DATASET CONTENT:
★ ★ ★ ★ ★

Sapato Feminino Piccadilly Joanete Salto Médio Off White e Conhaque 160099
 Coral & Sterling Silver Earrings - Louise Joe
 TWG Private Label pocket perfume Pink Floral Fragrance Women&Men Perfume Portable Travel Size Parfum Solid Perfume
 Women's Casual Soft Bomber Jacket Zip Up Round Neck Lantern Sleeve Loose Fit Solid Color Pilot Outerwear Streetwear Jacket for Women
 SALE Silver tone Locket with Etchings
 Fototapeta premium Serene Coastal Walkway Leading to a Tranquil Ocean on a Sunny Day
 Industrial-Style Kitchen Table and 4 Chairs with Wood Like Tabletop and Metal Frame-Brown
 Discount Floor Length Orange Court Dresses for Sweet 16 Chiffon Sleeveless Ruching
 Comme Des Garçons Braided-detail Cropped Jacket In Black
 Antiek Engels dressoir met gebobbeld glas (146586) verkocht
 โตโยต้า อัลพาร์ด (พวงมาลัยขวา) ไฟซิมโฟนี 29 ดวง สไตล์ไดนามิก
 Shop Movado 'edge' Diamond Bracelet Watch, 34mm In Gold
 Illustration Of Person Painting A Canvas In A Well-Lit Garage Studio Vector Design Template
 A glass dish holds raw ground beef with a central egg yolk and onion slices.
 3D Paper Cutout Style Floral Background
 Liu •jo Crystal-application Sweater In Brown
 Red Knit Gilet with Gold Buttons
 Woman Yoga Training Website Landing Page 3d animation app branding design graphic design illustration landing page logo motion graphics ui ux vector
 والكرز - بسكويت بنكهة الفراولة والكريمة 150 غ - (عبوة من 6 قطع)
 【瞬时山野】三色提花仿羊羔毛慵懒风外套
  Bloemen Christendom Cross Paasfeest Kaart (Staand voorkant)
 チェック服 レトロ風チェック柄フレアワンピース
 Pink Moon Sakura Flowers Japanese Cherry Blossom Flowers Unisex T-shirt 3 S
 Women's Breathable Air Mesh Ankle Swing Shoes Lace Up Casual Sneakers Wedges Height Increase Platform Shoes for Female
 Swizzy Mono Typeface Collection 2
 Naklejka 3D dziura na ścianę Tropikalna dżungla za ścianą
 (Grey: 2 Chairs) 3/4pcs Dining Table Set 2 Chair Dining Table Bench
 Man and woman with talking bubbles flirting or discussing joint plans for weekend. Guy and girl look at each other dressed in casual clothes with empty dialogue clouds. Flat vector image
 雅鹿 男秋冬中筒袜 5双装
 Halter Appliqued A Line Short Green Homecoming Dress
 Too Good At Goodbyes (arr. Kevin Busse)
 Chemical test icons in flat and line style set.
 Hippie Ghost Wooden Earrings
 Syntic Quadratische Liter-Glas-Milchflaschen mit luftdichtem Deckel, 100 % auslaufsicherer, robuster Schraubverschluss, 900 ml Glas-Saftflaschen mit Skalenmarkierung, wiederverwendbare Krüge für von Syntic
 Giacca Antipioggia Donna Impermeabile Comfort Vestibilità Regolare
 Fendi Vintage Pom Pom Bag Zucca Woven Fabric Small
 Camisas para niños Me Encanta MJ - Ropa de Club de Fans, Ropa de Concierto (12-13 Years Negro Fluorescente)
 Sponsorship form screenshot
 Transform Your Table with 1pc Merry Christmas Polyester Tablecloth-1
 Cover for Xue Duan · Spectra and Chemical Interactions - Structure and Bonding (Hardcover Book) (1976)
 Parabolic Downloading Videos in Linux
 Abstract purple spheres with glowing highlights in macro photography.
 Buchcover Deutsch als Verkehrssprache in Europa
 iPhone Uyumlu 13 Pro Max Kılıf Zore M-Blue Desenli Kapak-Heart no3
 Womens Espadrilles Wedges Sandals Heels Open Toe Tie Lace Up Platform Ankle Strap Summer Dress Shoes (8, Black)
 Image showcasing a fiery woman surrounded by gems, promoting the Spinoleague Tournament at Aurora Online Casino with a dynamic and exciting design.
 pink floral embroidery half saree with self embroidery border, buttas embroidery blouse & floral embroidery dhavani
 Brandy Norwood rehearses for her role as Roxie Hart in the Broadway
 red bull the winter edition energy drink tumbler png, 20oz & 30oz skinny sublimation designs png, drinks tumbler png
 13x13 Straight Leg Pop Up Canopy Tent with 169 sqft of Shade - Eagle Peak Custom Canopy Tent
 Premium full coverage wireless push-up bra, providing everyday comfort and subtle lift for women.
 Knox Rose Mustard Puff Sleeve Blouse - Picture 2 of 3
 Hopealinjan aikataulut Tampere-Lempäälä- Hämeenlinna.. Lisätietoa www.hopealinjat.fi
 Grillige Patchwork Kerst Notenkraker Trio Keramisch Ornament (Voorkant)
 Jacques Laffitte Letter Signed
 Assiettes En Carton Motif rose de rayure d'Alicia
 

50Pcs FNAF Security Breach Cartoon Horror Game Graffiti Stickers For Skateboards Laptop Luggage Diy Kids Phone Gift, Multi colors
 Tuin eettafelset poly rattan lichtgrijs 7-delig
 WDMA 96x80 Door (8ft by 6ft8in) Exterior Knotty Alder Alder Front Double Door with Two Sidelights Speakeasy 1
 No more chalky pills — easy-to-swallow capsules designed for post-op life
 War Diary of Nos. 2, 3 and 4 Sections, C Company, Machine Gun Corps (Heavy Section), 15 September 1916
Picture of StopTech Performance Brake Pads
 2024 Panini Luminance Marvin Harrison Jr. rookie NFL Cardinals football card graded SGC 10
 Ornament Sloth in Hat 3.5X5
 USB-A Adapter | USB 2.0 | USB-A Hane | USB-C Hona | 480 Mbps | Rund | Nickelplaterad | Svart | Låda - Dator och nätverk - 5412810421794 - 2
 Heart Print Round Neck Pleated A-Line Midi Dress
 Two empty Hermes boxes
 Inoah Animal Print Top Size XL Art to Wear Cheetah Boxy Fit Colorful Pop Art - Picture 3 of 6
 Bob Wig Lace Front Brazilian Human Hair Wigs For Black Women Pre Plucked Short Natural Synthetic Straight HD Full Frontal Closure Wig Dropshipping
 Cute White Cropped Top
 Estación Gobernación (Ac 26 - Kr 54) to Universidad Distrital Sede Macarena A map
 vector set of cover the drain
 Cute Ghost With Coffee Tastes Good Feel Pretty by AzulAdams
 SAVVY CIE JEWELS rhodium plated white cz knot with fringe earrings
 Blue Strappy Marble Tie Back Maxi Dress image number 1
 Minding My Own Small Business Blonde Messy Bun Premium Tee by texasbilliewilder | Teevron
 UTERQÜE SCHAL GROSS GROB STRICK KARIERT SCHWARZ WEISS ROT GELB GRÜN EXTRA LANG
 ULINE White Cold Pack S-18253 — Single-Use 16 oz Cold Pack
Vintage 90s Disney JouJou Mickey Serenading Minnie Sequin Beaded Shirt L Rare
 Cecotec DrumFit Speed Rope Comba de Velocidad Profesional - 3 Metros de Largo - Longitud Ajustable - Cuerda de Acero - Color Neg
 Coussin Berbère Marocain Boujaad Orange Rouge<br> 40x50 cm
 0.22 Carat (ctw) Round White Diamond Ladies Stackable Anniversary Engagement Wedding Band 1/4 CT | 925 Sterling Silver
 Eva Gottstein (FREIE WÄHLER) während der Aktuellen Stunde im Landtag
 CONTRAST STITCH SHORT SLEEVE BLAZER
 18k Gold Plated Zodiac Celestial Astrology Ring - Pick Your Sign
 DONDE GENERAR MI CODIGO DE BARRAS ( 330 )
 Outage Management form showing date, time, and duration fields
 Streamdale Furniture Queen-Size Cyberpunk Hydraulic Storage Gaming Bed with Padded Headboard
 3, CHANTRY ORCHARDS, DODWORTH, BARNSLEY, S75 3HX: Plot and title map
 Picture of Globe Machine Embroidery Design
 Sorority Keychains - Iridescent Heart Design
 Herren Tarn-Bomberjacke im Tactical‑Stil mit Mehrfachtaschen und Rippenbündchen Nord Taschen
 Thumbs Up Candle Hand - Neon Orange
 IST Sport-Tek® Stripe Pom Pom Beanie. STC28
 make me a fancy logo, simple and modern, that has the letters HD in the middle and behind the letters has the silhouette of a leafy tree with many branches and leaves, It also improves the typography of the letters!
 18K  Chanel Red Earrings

★ ★ ★ ★ ★

INSTRUCTIONS FOR THE TASK: From the records above, quote only the lines running from the line with "Heart Print Round" to the line with "Coussin Berbère Marocain", both lines included.

PROBLEM SOLUTION:
 Heart Print Round Neck Pleated A-Line Midi Dress
 Two empty Hermes boxes
 Inoah Animal Print Top Size XL Art to Wear Cheetah Boxy Fit Colorful Pop Art - Picture 3 of 6
 Bob Wig Lace Front Brazilian Human Hair Wigs For Black Women Pre Plucked Short Natural Synthetic Straight HD Full Frontal Closure Wig Dropshipping
 Cute White Cropped Top
 Estación Gobernación (Ac 26 - Kr 54) to Universidad Distrital Sede Macarena A map
 vector set of cover the drain
 Cute Ghost With Coffee Tastes Good Feel Pretty by AzulAdams
 SAVVY CIE JEWELS rhodium plated white cz knot with fringe earrings
 Blue Strappy Marble Tie Back Maxi Dress image number 1
 Minding My Own Small Business Blonde Messy Bun Premium Tee by texasbilliewilder | Teevron
 UTERQÜE SCHAL GROSS GROB STRICK KARIERT SCHWARZ WEISS ROT GELB GRÜN EXTRA LANG
 ULINE White Cold Pack S-18253 — Single-Use 16 oz Cold Pack
Vintage 90s Disney JouJou Mickey Serenading Minnie Sequin Beaded Shirt L Rare
 Cecotec DrumFit Speed Rope Comba de Velocidad Profesional - 3 Metros de Largo - Longitud Ajustable - Cuerda de Acero - Color Neg
 Coussin Berbère Marocain Boujaad Orange Rouge<br> 40x50 cm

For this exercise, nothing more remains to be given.